*Information*
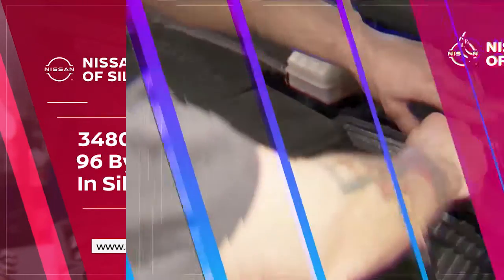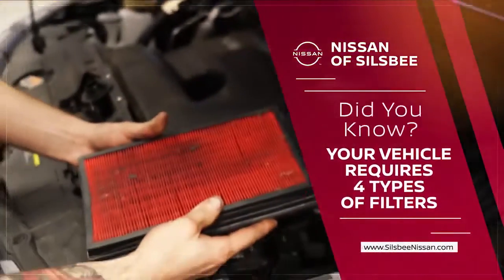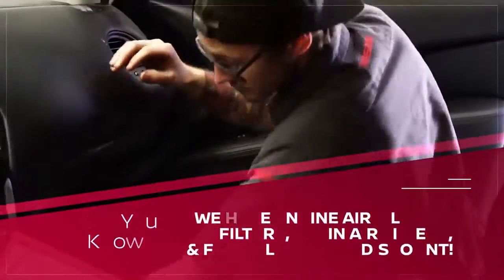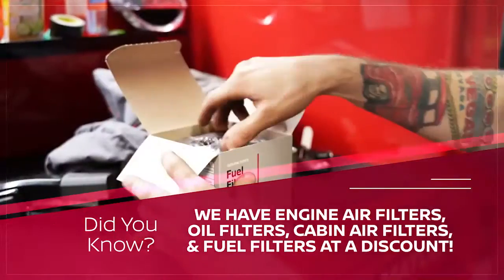Dean Burnell here from Nissan of Silsby. Did you know there are four types of filters your vehicle uses to run at optimum levels? The engine air filter, the oil filter, the cabin air filter, and of course the fuel filter.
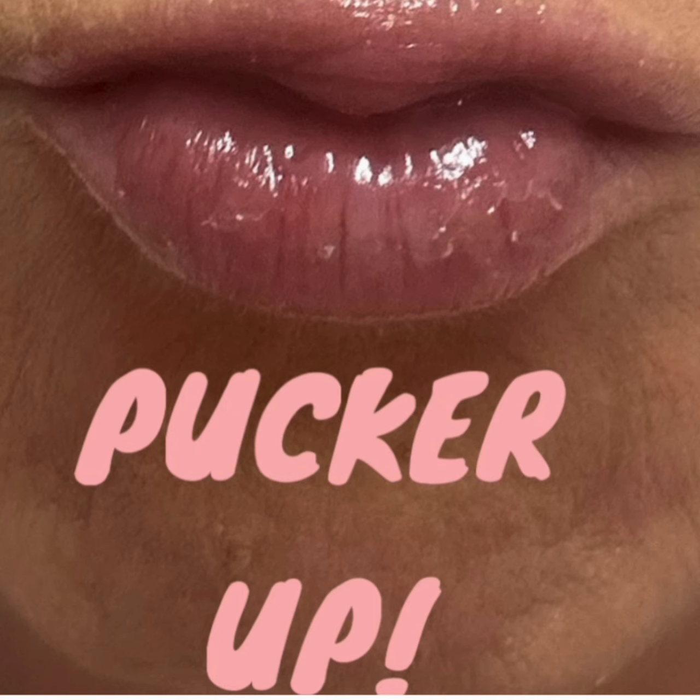So your lips are going to thank you for adding this. As you can see, I've put a picture of myself as well. I use this every morning, and you can see it gives a really nice shimmer. You can just feel your lips soften with it on. So really nice product.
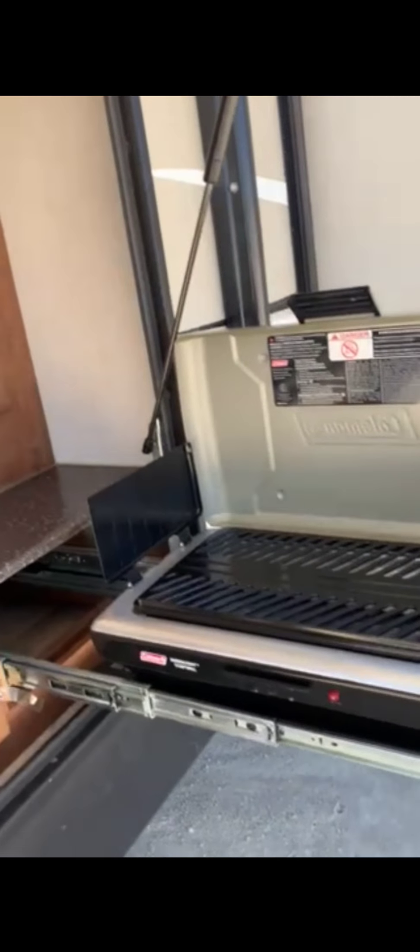Coachman Freedom Express. Pass-through with some straps in there. The stabilizer is powered. Goodyear tires. The bug screen is already on for the exhaust of the furnace. Some more stabilizers.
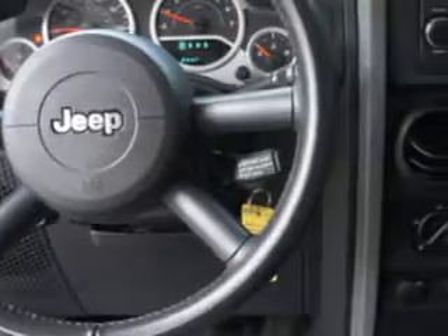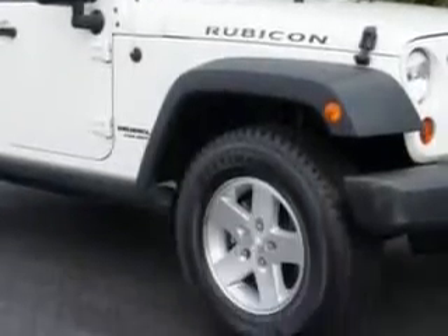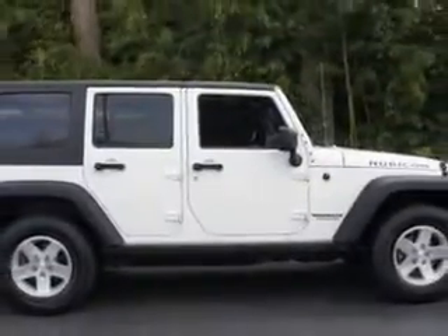Privacy glass, tire pressure monitor, plus a whole lot more. It's an 09 Jeep Wrangler Unlimited — come see it, come drive it, come buy it at Van York Toyota. And do it today.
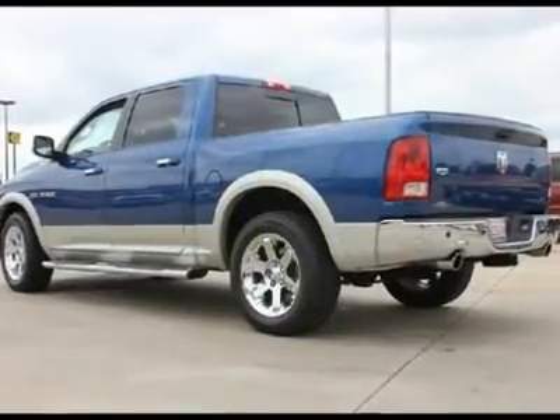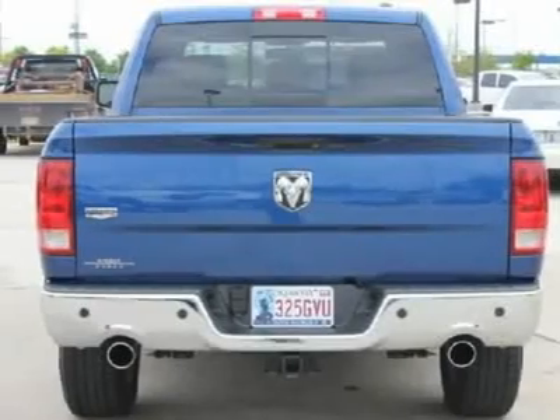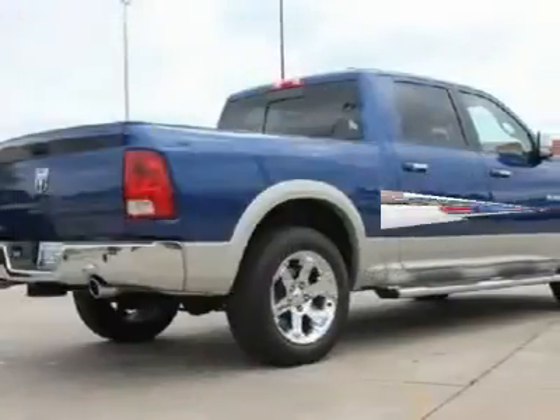Built inside out with the best of the best materials. Check this one out today. Drive off with this Ram truck today.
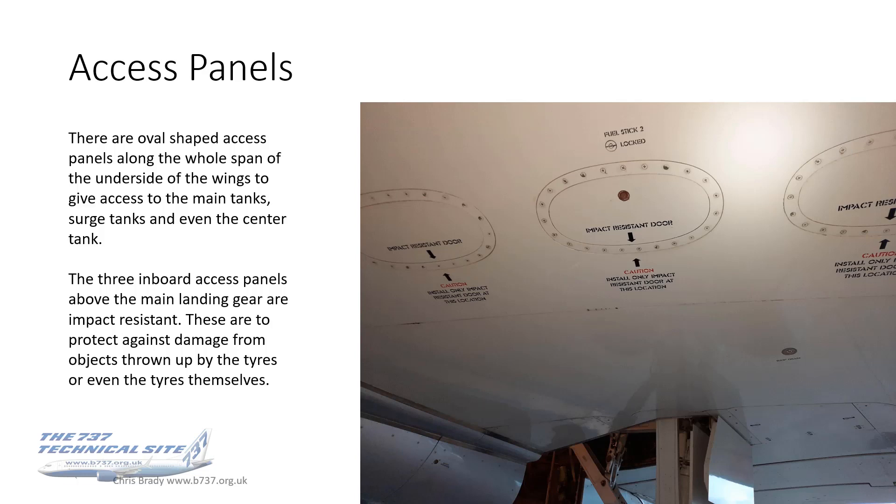Other access panels we see on the walk-around are the oval-shaped ones — about 15 or so on each wing — along the whole span of the underside. Engineers use those to get into the main tanks, surge tanks, and on the NG and Max, the inboard ones give access to the center tank as well. The three inboard access panels above the main landing gear are special: they are impact-resistant to protect against damage from objects thrown off by the tires from the runway, or even the tires themselves — no better case study than the Air France Concorde accident at Paris.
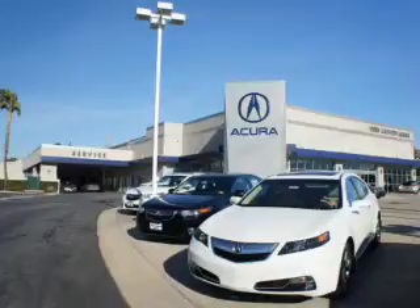At Weir Canyon Acura, you can be sure you'll get the right vehicle for the right price. And that's just the beginning. At Weir Canyon Acura, get the respect and great price you deserve.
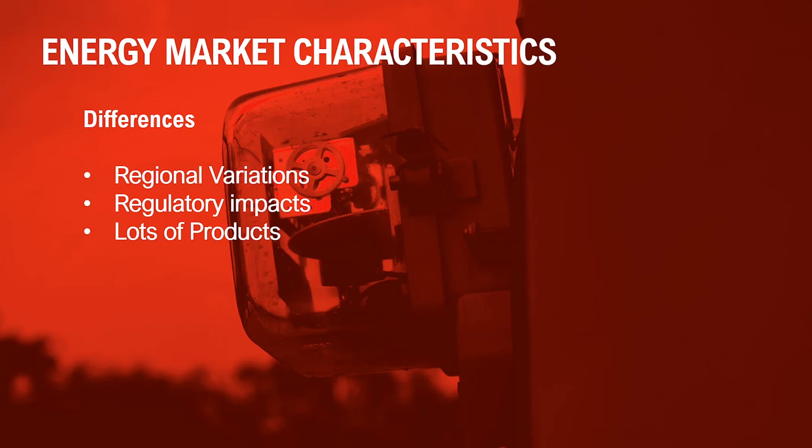With energy, there seems to be a high level of regional variation in the product space, mostly driven by the physical requirements of the distribution technology. So there are lots of product variations and a large number of product definitions already out there. At the product level, the energy market also seems to be impacted a lot by regulatory requirements, possibly more so than the communication market.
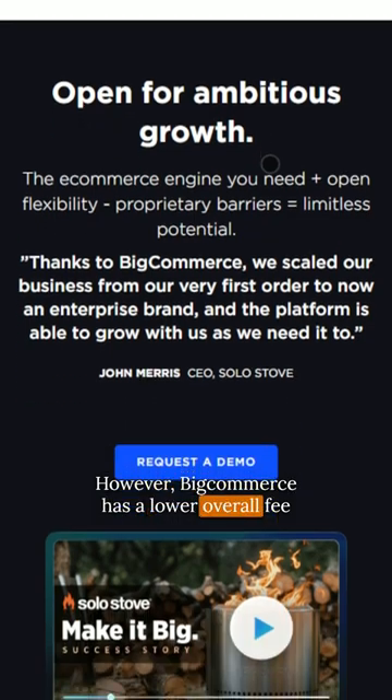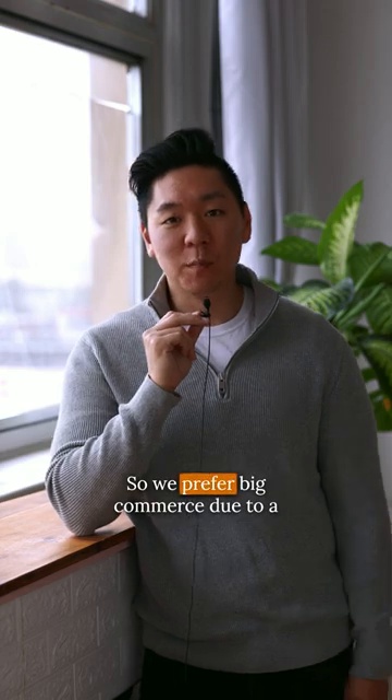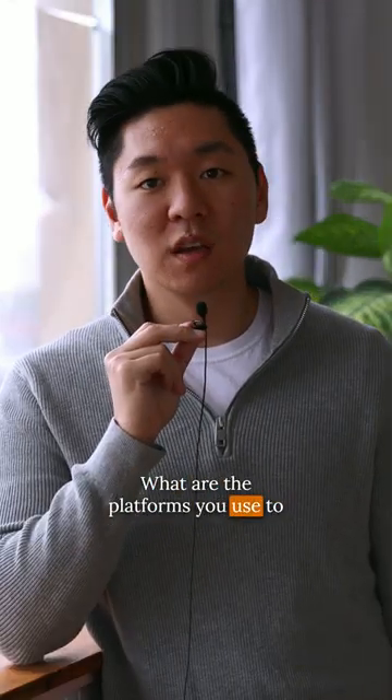However, BigCommerce has a lower overall fee and comes included with features that are paid apps on Shopify. So we prefer BigCommerce due to a lower cost overall. What are the platforms you use to build your website?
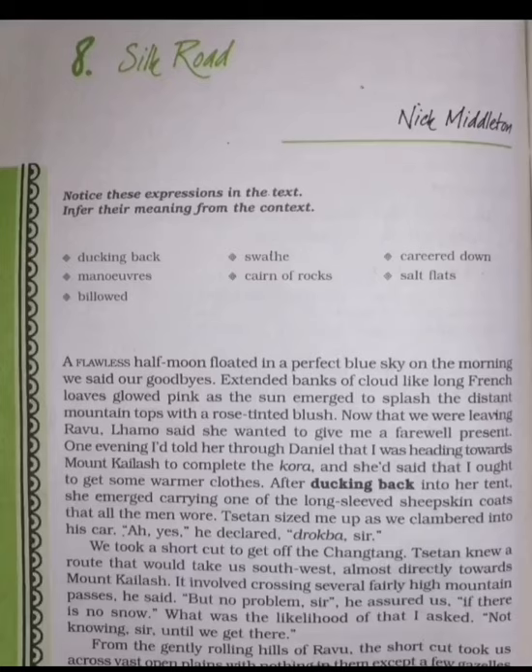Hello students, this is Dr. Gorangi Bhat here. Today I am here with a new chapter, Silk Road by Nick Middleton, from the Hornbill textbook in English for Class 11th core course. Let's start with the summary of this chapter.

*Requirement*
Please reproduce the data above word for word, skipping all images.

*Exercise solution*
Dean Burnell here from Nissan of Silsby. Did you know there are four types of filters your vehicle uses to run at optimum levels? The engine air filter, the oil filter, the cabin air filter, and of course the fuel filter.
So your lips are going to thank you for adding this. As you can see, I've put a picture of myself as well. I use this every morning, and you can see it gives a really nice shimmer. You can just feel your lips soften with it on. So really nice product.
Coachman Freedom Express. Pass-through with some straps in there. The stabilizer is powered. Goodyear tires. The bug screen is already on for the exhaust of the furnace. Some more stabilizers.
Privacy glass, tire pressure monitor, plus a whole lot more. It's an 09 Jeep Wrangler Unlimited — come see it, come drive it, come buy it at Van York Toyota. And do it today.
Built inside out with the best of the best materials. Check this one out today. Drive off with this Ram truck today.
Other access panels we see on the walk-around are the oval-shaped ones — about 15 or so on each wing — along the whole span of the underside. Engineers use those to get into the main tanks, surge tanks, and on the NG and Max, the inboard ones give access to the center tank as well. The three inboard access panels above the main landing gear are special: they are impact-resistant to protect against damage from objects thrown off by the tires from the runway, or even the tires themselves — no better case study than the Air France Concorde accident at Paris.
At Weir Canyon Acura, you can be sure you'll get the right vehicle for the right price. And that's just the beginning. At Weir Canyon Acura, get the respect and great price you deserve.
With energy, there seems to be a high level of regional variation in the product space, mostly driven by the physical requirements of the distribution technology. So there are lots of product variations and a large number of product definitions already out there. At the product level, the energy market also seems to be impacted a lot by regulatory requirements, possibly more so than the communication market.
However, BigCommerce has a lower overall fee and comes included with features that are paid apps on Shopify. So we prefer BigCommerce due to a lower cost overall. What are the platforms you use to build your website?
Hello students, this is Dr. Gorangi Bhat here. Today I am here with a new chapter, Silk Road by Nick Middleton, from the Hornbill textbook in English for Class 11th core course. Let's start with the summary of this chapter.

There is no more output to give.